A.J. Walker


A Woman Called Malaria

A Woman Called Malaria: What's In A Name?

I met Malaria working in a trendy bar in the city. She was a nice young woman. Confident, bubbly & attentive and efficient at her job - which largely comprised getting me drinks from the bar. In the quieter moments we had the opportunity to talk a little, which is how I discovered her name was Malaria - her colleagues at the bar called her Mel, apparently under the instruction of the manager who thought periodically shouting out “malaria” across the busy bar would not necessarily be a good thing for the customers.

She's actually in the second year of her medical degree at the university, and her job was need to help her through her studies as the grant she gets from her country is very small and he parents are not wealthy enough to help her much.
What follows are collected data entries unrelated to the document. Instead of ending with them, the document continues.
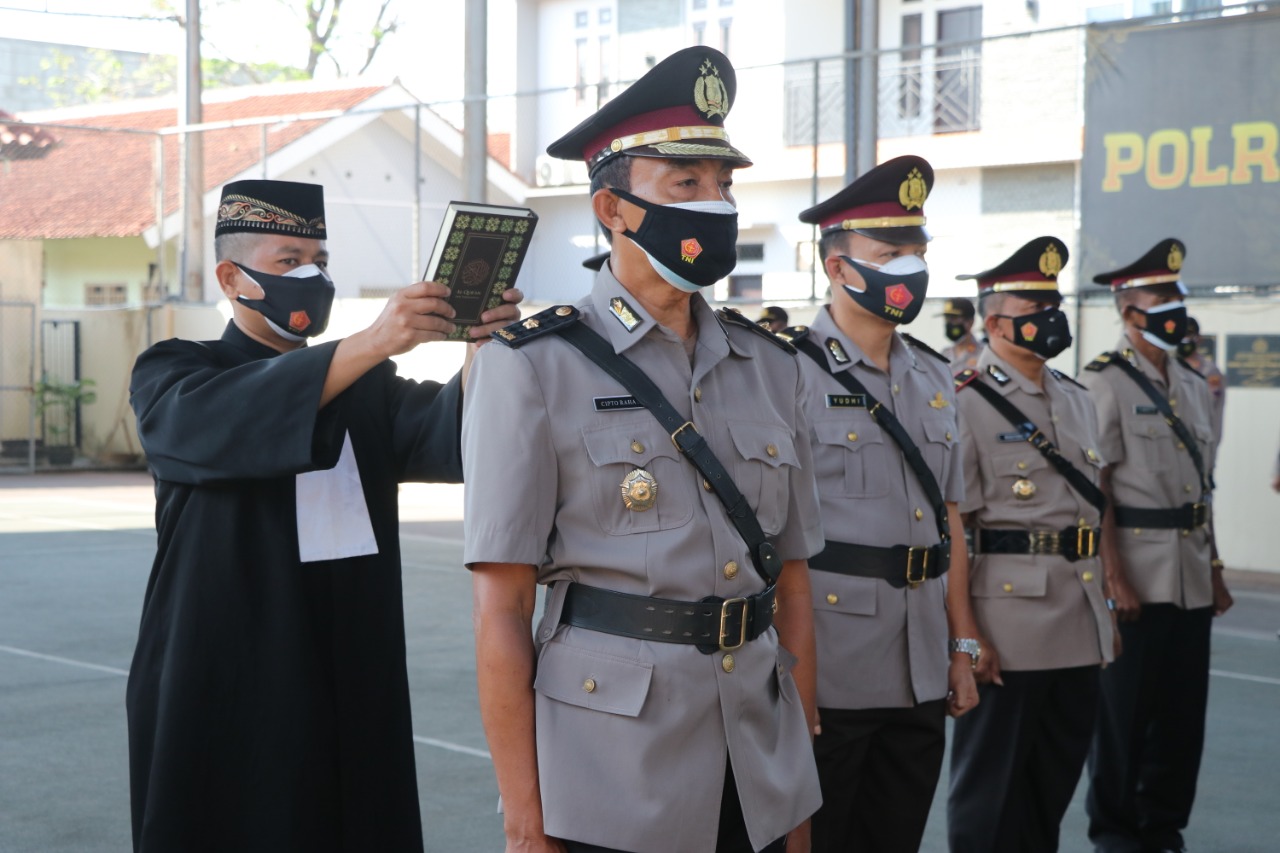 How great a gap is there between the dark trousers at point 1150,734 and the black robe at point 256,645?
9.95 ft

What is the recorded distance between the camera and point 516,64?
30938mm

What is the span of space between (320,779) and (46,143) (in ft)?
73.6

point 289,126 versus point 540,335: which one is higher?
point 289,126

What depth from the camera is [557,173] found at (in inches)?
992

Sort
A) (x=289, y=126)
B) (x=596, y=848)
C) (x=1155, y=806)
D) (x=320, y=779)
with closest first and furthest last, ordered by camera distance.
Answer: (x=596, y=848) → (x=320, y=779) → (x=1155, y=806) → (x=289, y=126)

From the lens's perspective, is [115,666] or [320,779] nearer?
[320,779]

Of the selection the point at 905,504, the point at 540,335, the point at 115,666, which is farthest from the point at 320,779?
the point at 115,666

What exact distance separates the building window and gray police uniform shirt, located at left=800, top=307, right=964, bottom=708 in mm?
25033

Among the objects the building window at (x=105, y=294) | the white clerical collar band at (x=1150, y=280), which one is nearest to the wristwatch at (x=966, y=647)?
the white clerical collar band at (x=1150, y=280)

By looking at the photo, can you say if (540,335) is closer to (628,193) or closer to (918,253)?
(628,193)

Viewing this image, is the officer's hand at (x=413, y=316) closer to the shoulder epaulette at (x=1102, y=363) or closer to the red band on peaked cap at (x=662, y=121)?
the red band on peaked cap at (x=662, y=121)

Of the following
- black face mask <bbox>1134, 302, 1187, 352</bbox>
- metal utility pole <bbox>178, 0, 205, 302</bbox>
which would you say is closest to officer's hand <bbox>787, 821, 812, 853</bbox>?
black face mask <bbox>1134, 302, 1187, 352</bbox>

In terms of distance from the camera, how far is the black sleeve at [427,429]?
3.58 m

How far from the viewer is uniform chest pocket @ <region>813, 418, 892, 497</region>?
4234mm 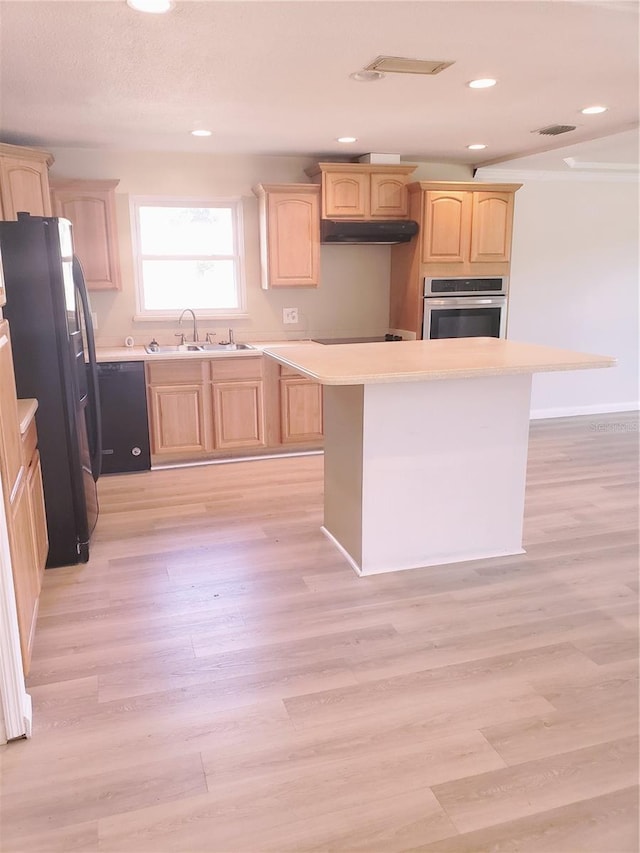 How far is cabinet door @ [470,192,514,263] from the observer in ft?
17.4

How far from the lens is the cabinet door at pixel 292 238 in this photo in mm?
5023

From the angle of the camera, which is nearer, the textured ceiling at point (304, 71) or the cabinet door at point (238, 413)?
the textured ceiling at point (304, 71)

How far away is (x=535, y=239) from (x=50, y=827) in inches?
231

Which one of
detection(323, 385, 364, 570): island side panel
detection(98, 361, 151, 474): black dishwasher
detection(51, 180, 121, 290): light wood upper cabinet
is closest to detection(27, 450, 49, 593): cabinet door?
Result: detection(323, 385, 364, 570): island side panel

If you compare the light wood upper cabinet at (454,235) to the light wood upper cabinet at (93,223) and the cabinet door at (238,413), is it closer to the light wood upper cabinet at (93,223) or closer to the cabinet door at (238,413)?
the cabinet door at (238,413)

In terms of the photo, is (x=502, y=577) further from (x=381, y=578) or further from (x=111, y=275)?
(x=111, y=275)

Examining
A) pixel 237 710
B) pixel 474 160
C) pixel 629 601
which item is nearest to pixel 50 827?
pixel 237 710

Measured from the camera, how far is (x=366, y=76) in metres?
3.00

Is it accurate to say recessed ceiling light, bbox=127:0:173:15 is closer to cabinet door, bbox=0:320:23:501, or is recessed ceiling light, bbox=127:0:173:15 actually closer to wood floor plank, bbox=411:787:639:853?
cabinet door, bbox=0:320:23:501

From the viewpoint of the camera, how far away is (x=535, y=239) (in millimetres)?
6031

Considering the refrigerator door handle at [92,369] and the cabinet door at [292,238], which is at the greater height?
the cabinet door at [292,238]

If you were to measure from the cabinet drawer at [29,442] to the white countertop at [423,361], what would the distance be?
1.20m

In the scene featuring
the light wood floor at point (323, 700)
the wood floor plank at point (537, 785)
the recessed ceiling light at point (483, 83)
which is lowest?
the wood floor plank at point (537, 785)

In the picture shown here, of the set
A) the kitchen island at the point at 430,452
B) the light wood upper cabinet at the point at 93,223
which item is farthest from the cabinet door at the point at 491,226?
the light wood upper cabinet at the point at 93,223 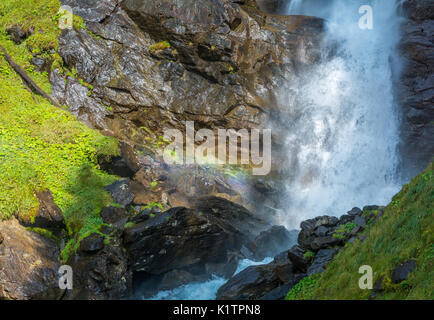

She said she was enjoying being in a foreign country and loved the chance to meet very different people. She had never been abroad before gaining the chance to study here.

I asked how her parents had come to name her Malaria. And it turned out it wasn’t her given name. I found this slightly comforting if a little confusing. The name was apparently the last one in a long line of English language names she had used. Malaria had previously gone under the name Joy, and before that there was Sapphire, Crystal and Ruby. She was from a small country in the Far East which had a tonal language and she explained that Westerners usually had great difficulty in saying even one short word correctly - let alone learn the language - so it was common practice amongst people who worked with Westerners at all that they would adopt English names. She told me her given name and after several minutes of trying to repeat it she confirmed that I didn’t get very close at all. Commonly those with their short term Anglicised names would also rotate them over time. She'd had a few lasting less than a week before being jettisoned.

Right now she was a medical student named after a disease which kills millions world wide. Did she not consider the irony, I asked, and had she not considered changing it to something less lethal? She laughed coyly at this point and her eyes suggested that she enjoyed the question. It was her longest held name, she said. She’d chosen it at 18 and had it for two and a half years now. It had been a word she’d read and liked the sound of. It was purely on the sound as she hadn’t known then what it was when she’d first read it years previously. Her previous names had been based on beauty, colours, and maybe even; like Ruby, Sapphire, and Crystal. But Malaria was all about the sound. She shrugged, sometimes words changed meanings over time, maybe she was ahead of the curve.

Perhaps she is. Now I’m wondering what I’d call myself this week if I could change my name at will. Perhaps I’ll be Stout, or Porter, then again maybe I should follow Malaria’s path and pick a disease name or maybe a treatment? Yes, for this week anyway, call me Benzo. Benzo Diazapan.